The church is dedicated to St Cadoc and is of medieval origin. Early medieval charters describe the church as a clas; that is, a mother church served by a community of priests, with responsibilities for several subordinate churches in nearby villages. It was dedicated to the Welsh saint Cadoc by someone who admired, or knew, Cadoc, not necessarily by Cadoc himself. The first church was probably built of timber, wattle and daub, and was later rebuilt in stone.

The porch tower is all that now remains of the original stone church. The architectural historian John Newman considers the door is circa 1300 in date. In the 19th century, the church became the estate church for the Rolls family of The Hendre, later Barons Llangattock. During their time, the church was extensively restored, first by John Etherington Welch Rolls and subsequently by his son, John Rolls, 1st Baron Llangattock. On both occasions, the architect was Thomas Henry Wyatt. Between the two periods of renovation and rebuilding, a major decoration of the interior was undertaken. Lord Llangattock's eldest son, John Maclean, who inherited the title in 1912, was killed in 1916 and the title died with him. The grave of his younger brother, Charles Rolls, of Rolls-Royce fame, who predeceased him, dying in a plane crash in 1910, stands in the church's graveyard, beside the graves of their mother and father.

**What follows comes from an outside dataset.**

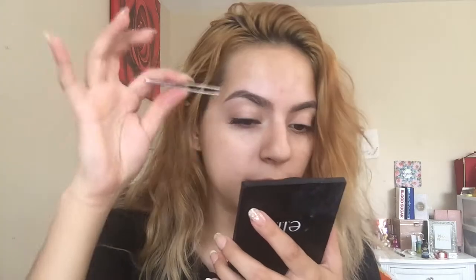Before I start doing my eyelashes, I want to take out one pair. You want to be really careful taking them out because if you yank them off you can kind of ruin the eyelash. Next, I'm going to measure it on my eye — I'll place the eyelash here to see if I need to cut it or if it's perfect as is. The eyelash fits me fine so I don't have to cut it.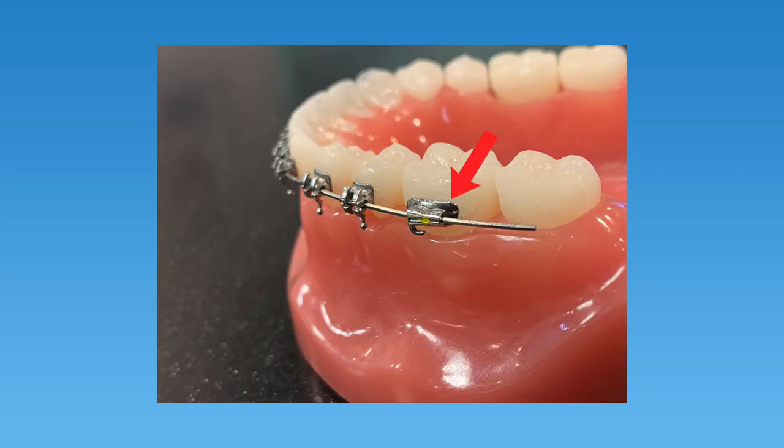So does a broken bracket hurt? Generally speaking, a broken bracket doesn't hurt. It might feel a bit annoying as it slides around on the wire, but usually there's not too much discomfort. If one of the brackets on the back teeth breaks, it may expose the end of the arch wire, and this poking arch wire can cause discomfort and may irritate the cheek.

The church continued as an estate church until The Hendre was sold in the 1980s. It remained an active parish church until December 2020 when ownership was transferred to the Friends of Friendless Churches charity.

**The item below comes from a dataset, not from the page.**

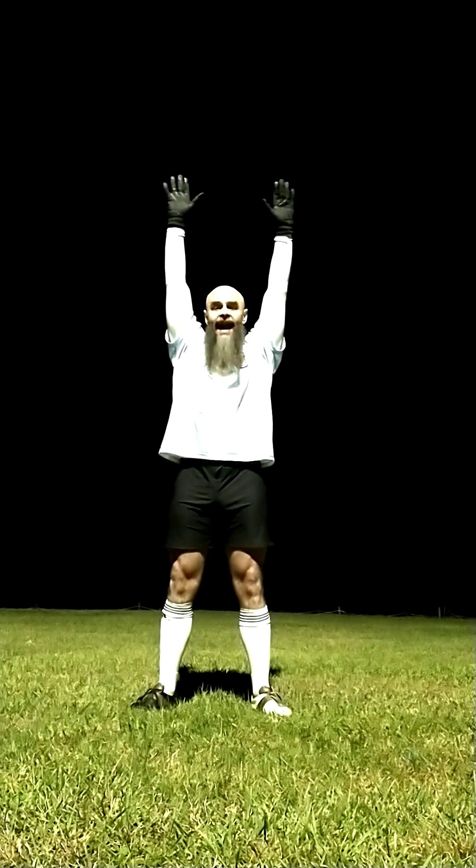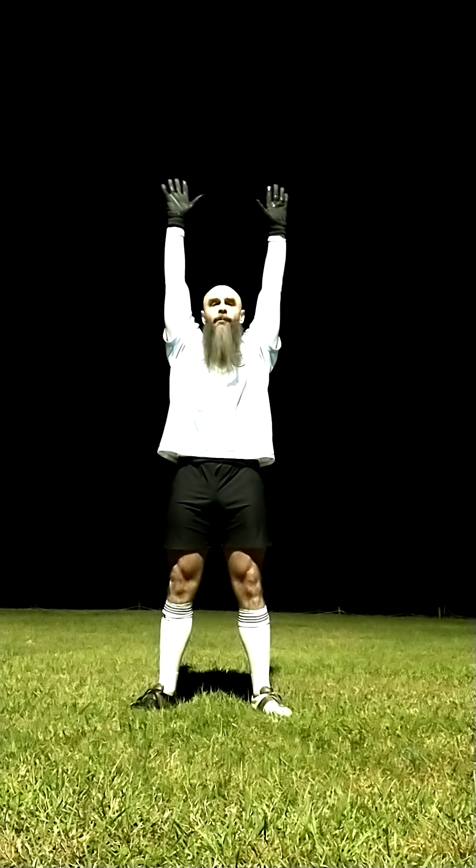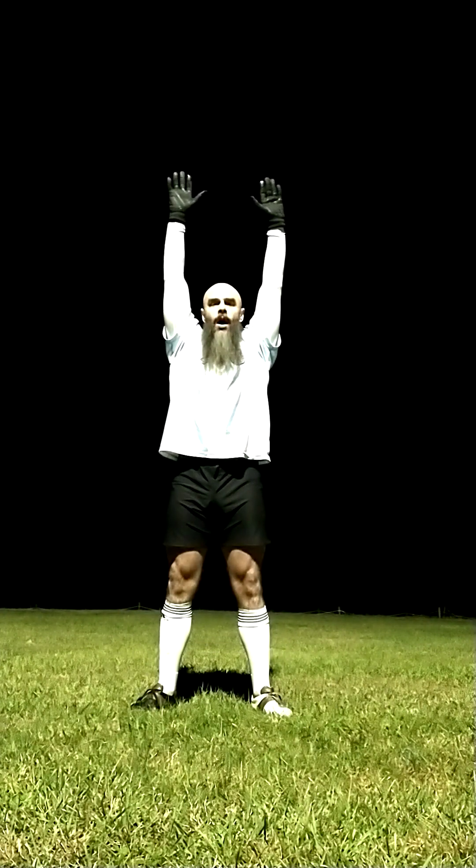Now let's make it just a little bit harder — this isn't adding any weight yet, but it is increasing your mobility. What we're going to do now is put our hands above our head and perform the same squat, trying to keep our torso as upright as possible.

==Architecture and description==
Apart from the 15th century porch tower, the entire building dates from the 19th century. The first reconstruction was undertaken in 1852–53 and the second in 1875. These works saw the construction of the nave and chancel in what Newman calls a "mixed Decorated and Perpendicular style". The church is constructed of old red sandstone rubble, with roofing in red clay tiles. The interior contains stained glass by Charles Eamer Kempe. (Note: The stained glass is to undergo restoration in 2023.) The church is Grade II* listed, the listing noting it as "a fine High Victorian rural church with a good interior, of special interest for its association with the Rolls family of The Hendre".